Un cyberharcèlement qui vient parfois de l’intérieur-même du mouvement féministe, les guerres intestines étant particulièrement vives. Mais les principaux responsables n’ont pas changé avec les années :

« La majorité des attaques contre les féministes vient des hommes, des masculinistes, de la haine des femmes, des structures de notre société fondées sur la domination et l’oppression des femmes. Cela se retourne contre toutes les femmes, en particulier contre les féministes identitaires, les afro-féministes, les musulmanes, les lesbiennes, les transgenres », Josiane Jouët, sociologue.

Le caractère pernicieux des réseaux s’explique aussi par l’addiction à leurs plateformes et par la dépendance aux marques : 

« Il y a une exposition à la violence mais aussi une cage dorée qu’on s’est construite liée au marché de l’influence. (…) A partir du moment où l'on dépend économiquement de partenariats rémunérés, c’est le début de la fin, on dépend de l’algorithme et les conditions pour avoir un compte visible sont terrifiantes », Elvire Duvelle-Charles, journaliste, réalisatrice, activiste. 

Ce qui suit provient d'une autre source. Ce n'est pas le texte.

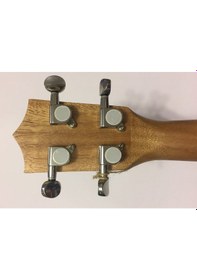 Resim Puka Pk-8 Tenor Ukulele - Taşıma Çantalı 
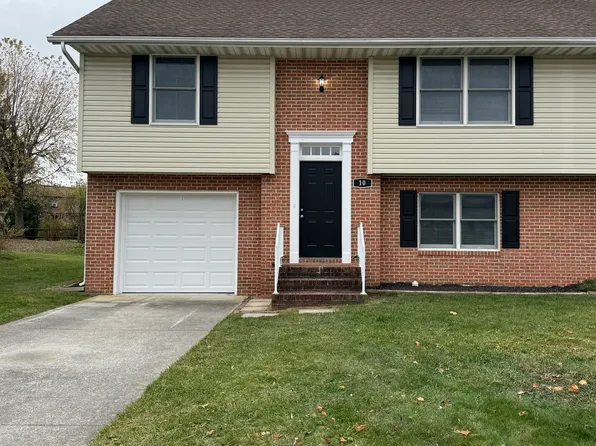 10 Squire Cir, Mc Sherrystown, PA 17344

Autres obstacles auxquels sont confrontées les féministes en ligne : les « raids », signalements massifs et concertés d’utilisateurs en vue de provoquer la fermeture d’un compte, et les phénomènes de « shadow ban » (ou « radiation douce ») opérés par les réseaux sociaux comme Instagram ou Twitter, qui restent à ce jour opaques sur leur politique de modération. Cette invisibilisation est à analyser à l’aune de l’importance de l’audience de ces réseaux :

« Si l’on veut être un média de masse, il faut accepter les règles du jeu économiques d’un média grand public et donc censurer sa parole pour qu’elle ne soit pas trop radicale et qu’elle soit acceptée par les annonceurs », Claire Blandin, historienne des médias.